Pembebasan dalam hal ini bisa kita artikan sebagai tindakan yang melawan
belenggu atau batasan. Dalam hal pembebasan kita memerlukan adanya suatu
paradigma yang membebaskan, maka pola pikir yang dilandaskan pada jiwa adalah
paradigma yang sangat penting untuk membebaskan tawanan cinta.
Dengan
paradigma “melawan batasan”, maka kita
terhindar dari cinta yang membelenggu. Kita akan menjadi pendidik cinta
terhadap diri kita sendiri. Kita semua dalam lubuk hati pasti menyadari
pendidikan yang sifatnya membelenggu atau menghagemoni pasti menimbulkan
kecemasan. Maka sebagai manusia yang berifikir, segala macam pendidikan yang
membelenggu haruslah kita lawan.
Kalaupun
dalam percintaan terdapat batasan, harusnya batasan itu tidaklah untuk
menghagemoni. Karena segala sesuatu yang menghagemoni itu bukan cinta.

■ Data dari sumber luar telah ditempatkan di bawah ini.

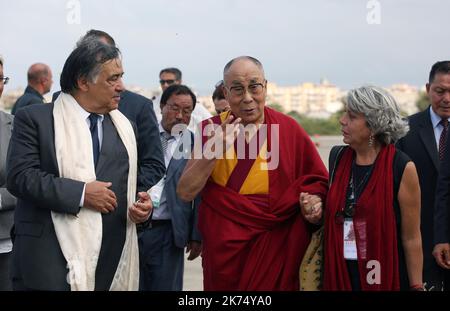 Palermo, arrival of the Dalai Lama in Palermo at Bocca di Falco airport. In the picture the Dalai Lama welcomed by the mayor of Palermo Leoluca Orlando. 17/09/2017, Palermo, Italy Stock Photo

Anggur-Anggur Cinta Yang Sangat Perempuan
Do’a
bukanlah cara untuk memenuhi kebutuhan semata, ia melainkan juga luapan cinta
atau cara mewujudkan pertalian cinta. Segala sesuatu yang tidak terjangkau
logika dan ilmu pengetahuan hanya diperoleh dengan cinta; yakni cinta seseorang
yang asyik bercengkerama dengan Sang Kekasih.
A
Carrel
menandaskan “manakala kalbu berisi cinta murni, cinta itu pastilah tulus,
suci dan sejati. Kehidupan dan wujud merupakan suatu simbol bagi dari berbagai
mukjizat Allah. Orang yang mengenal Allah pastilah ia mengenal Cinta”.[4]
Ketulusan,
kesucian, dan kesejatian cinta tidaklah diukur berdasarkan kenikmatan dan
kelezatan yang diperolehnya, melainkan berdasarkan kelaparan dan kebutuhannya
akan hal-hal yang mengitarinya. Derajat kesempurnaan manusia sebanding dan
berhubungan secara simetris dengan jenis kebutuhan dan hajatnya. Kadar dan
martabat manusia bergantung pada apa yang dimintanya. Ketika minat dan hajatnya
itu adalah sesuatu yang sempurna, luhur, dan suci, dia pun
demikian. Semakin rendah seseorang, semakin rendah pula kebutuhannya; begitu
pula sebaliknya. Benarlah kata Arya W Wirayuda (dosen saya), “Orang paling kaya adalah orang yang
paling besar kebutuhannya”.
Jadi
keutamaan seseorang tidaklah diukur dari kecintaannya terhadap dunia atau
kekayaan melainkan dari kebutuhan yang semakin sempurna dan luhur.
Cinta
adalah keterpesonaan akan hadirnya kekasih. Ia merupakan perasaan yang terpisah
dari kesempurnaan dan keagungan roh yang abadi. Abadi pada dasarnya adalah
segala sumber dari bumi ibu pertiwi yang bersatu padu dengan dirinya sendiri.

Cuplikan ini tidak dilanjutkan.